UN Secretary-General Ban Ki-moon opened a two-day meeting with the partitioned island's rival leaders near New York City to discuss progress in talks started in 2008. Alexander Downer, the UN special envoy to Cyprus who oversees peace talks, said Ban spent nearly six hours with the two leaders.
"I think the best way to describe the talks today is that they have been intensive right from the very beginning," he told reporters.
"The secretary-general made his expectations clear this morning that he is looking for the leaders to make decisive moves," Downer said. "He also reminded the two leaders that they must keep the big vision of a United Cyprus in their sights."
Mediators want a deal ending decades of separation between ethnic Greeks and Turks on the Mediterranean island before Greek Cypriots, who represent the whole island internationally, take over the EU presidency in July.
"It's hard to see how it [the process] can go on then ... so we really have to get it done before July 1," Downer said earlier this month. "This process will come to an end when either there is an agreement or if there is complete deadlock."
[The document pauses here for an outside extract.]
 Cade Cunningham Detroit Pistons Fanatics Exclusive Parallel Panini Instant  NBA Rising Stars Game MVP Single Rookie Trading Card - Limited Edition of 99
Ban met with Cyprus President Demetris Christofias, representing the Greek Cypriots, and Derviş Eroğlu, who heads a Turkish Cypriot state recognised only by Ankara, at a private estate in the town of Manhasset on New York state's Long Island.
Cyprus, with a combined population of about 1 million, was torn apart in a Turkish invasion in 1974 triggered by a Greek-inspired coup. The conflict is a significant source of tension between NATO allies Greece and Turkey, and was thrown into sharper focus by a dispute over Mediterranean hydrocarbon riches recently discovered by Greek Cypriots and contested by Ankara.
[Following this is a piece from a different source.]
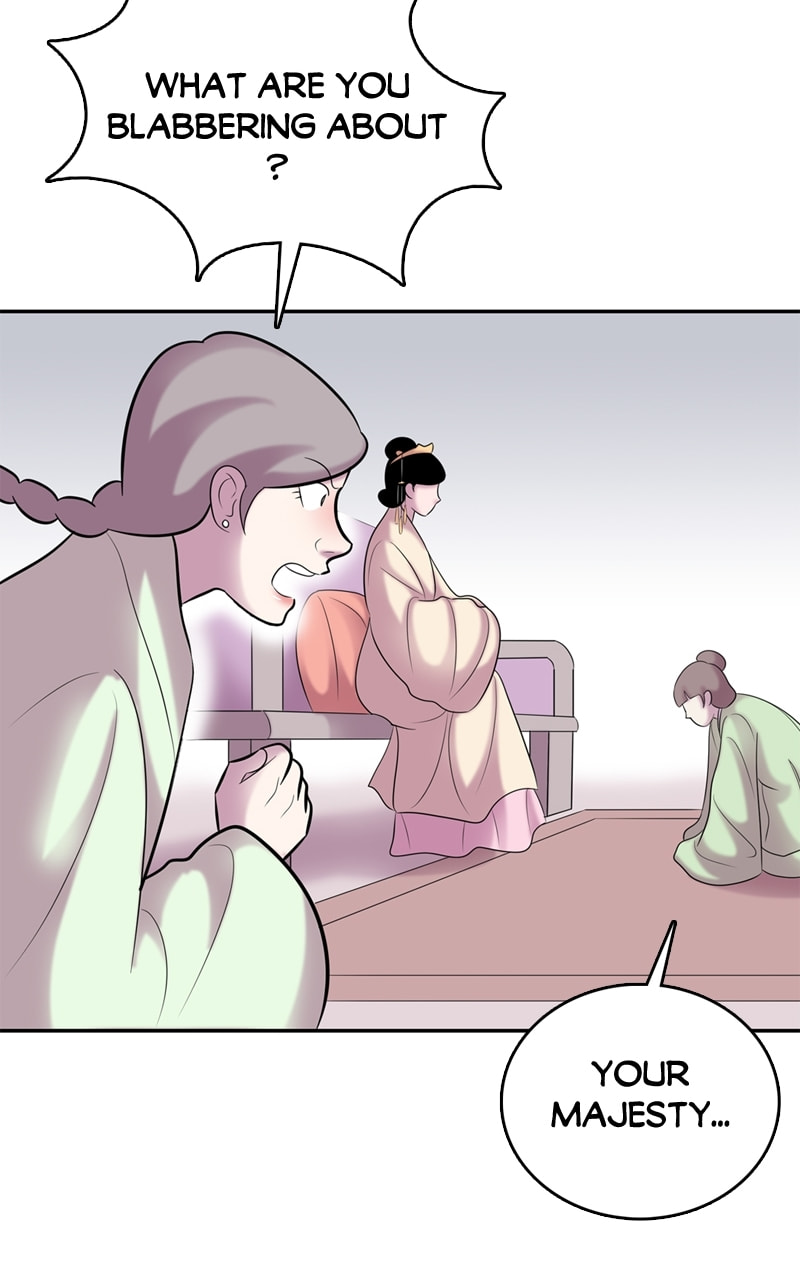 My Beloved Emperor Chapter 48 page 20 -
Turkey has seen its aspirations to join the EU frustrated by the Cyprus stalemate and Greek Cypriots, who say Ankara cannot join the bloc until the division is resolved. Turkey says it will freeze ties with the EU when Cyprus assumes the presidency.
Both sides agree, on paper, in relinking Cyprus under a federal umbrella, but differ on how it is to work.
Downer said the United Nations would eventually like to have an international conference to resolve the issue, but cautioned that it was not clear if the two sides were ready for it.
"In an ideal world we would like to see convergences on all those [outstanding] issues and be able to move the whole process forward culminating in an international conference," he said.
"But to tell you the truth we will just have to see how we get on tomorrow before any judgments can be made by both the two sides," Downer said.
The United Nations is focusing on the electoral system in a future federated Cyprus, how to potentially settle property claims from thousands of people internally displaced, and future citizenship on an island whose demographics have shifted massively since division.
The United Nations says a convergence on these three issues would be considered a success, allowing the process to move ahead to talks on territorial adjustments and convening a multilateral meeting which would also involve Greece, Turkey and Britain, the island's guarantor powers.
In practice, diplomats say, the United Nations would be happy with a good outcome on just one of them - the electoral system.
Greek Cypriots have backed the idea of a rotating presidency under a weighted voting system. Turkish Cypriots advocate a separate ballot for each ethnic group.